Less than a handful of cholera vaccines exist; they have been used mainly in parts of Africa, Southeast Asia and Latin America. Existing vaccines, however “may only offer protection for one to three years,” says Dr. Calderwood. “The search for a vaccine that could give longer-term protection would be useful since the need to revaccinate at a relatively frequent interval may not be as practical in the developing world.” Natural immunity, gained from contracting cholera, offers longer-term protection: about five to seven years. So the Mass General-ICDDR,B team is trying to understand the difference between natural immunity and vaccination, which, it hopes, will lead to a vaccine that will give longer-term protection.
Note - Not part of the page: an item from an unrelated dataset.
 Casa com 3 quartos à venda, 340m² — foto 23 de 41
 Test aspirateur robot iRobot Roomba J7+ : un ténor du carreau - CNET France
In studies so far, the team has discovered that immunologic memory develops following cholera, and it is now studying how long this memory lasts and comparing development of memory after natural infection with what happens in the body after vaccination.
Today, about 50 scientists are working on the Mass General-ICDDR,B vaccine project, with most of the investigators at ICDDR,B. Members of the MGH team travel frequently to Dhaka, the Bangladeshi capital and the country’s largest city, to work with Dr. Qadri and her team. They also conduct lab research here at Mass General. Various grants — including from the National Institutes of Health and the Harvard Initiative for Global Health — support both research and training, enabling MGH to send doctoral students and post-docs to Bangladesh and bringing Bangladeshi trainees for year-long training stints at Mass General and Harvard University.
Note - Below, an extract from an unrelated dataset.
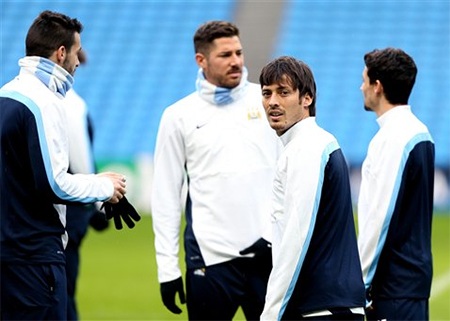 Bộ tứ cầu thủ người Tây Ban Nha, Silva, Nava, Garcia và Negredo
ICDDR,B is well-known for its development of oral rehydration solution, which is widely credited for saving millions of lives of people with severe diarrhea, and has played a critical role in the treatment of cholera. It is also known for its interest in development and testing of vaccines. Cholera is of real concern in Bangladesh, which has two peaks of the disease each year. In addition, the country often suffers from severe flooding which, combined with inadequate piping infrastructure, causes contamination to sources of drinking water, leading to more epidemics.
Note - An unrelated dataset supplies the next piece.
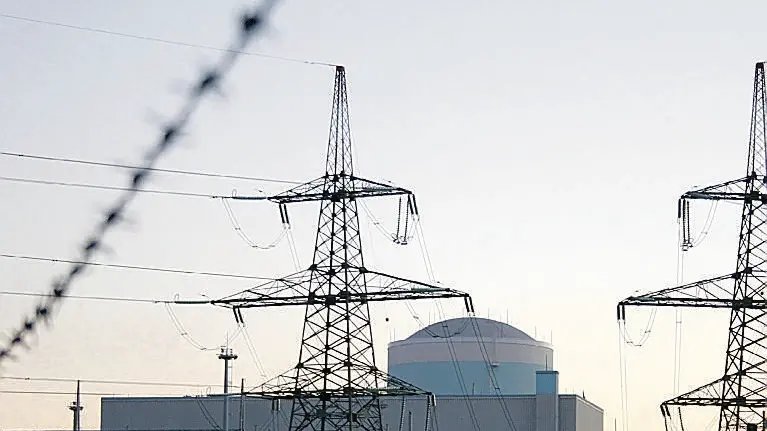 epa01368816 (FILE) A file photo dated 12 December 2004 showing the nuclear power plant in Krsko, Slovenia. The European Commission late 04 June 2008 issued a UN-wide alert after the nuclear power plant in Krsko, Slovenia, began shutting down after a water leak in its cooling system. Slovenian nuclear authorities said there was no danger to people or the environment. EPA/STRINGER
“The prevention of cholera could lead to a substantial decrease of severe dehydrating illness requiring hospitalization,” says Dr. Qadri, noting that about 30 percent of patients seeking care at the ICDDR,B diarrheal hospital come with severe cholera. In Dr. Qadri’s view, a multi-pronged approach to prevention of cholera is necessary, including widespread use of available vaccines while working to improve cholera vaccines and making them available to regions that need them the most.
In addition to Drs. Calderwood and Ryan, other members of the MGH team include infectious disease colleagues Jason B. Harris, MD, MPH, a pediatrician, and Regina C. LaRocque, MD, MPH, both of whom have spent extended time living in Bangladesh, and post-doctoral fellow Richelle Charles, MD. Currently, much of the work focuses on better understanding how the bacteria takes hold in the body, identifying proteins active in immune responses, characterizing the genetic factors that influence susceptibility to infection and determining how current vaccines can be made more effective.
Deployment of an effective cholera vaccine could provide a major health breakthrough for developing nations. It might preclude events like the 2008 and 2009 cholera outbreak in Zimbabwe, which claimed more than 4,000 lives. And during the war in Rwanda in 1994, 30,000 refugees living on a flood plain — 10 percent of the total that had fled there — died of cholera within three weeks of their arrival. In addition to improving approaches to cholera, the vaccine research could also play a role in improving vaccines for many other diarrheal diseases for which current vaccines do not exist or are ineffective, adds Dr. Calderwood.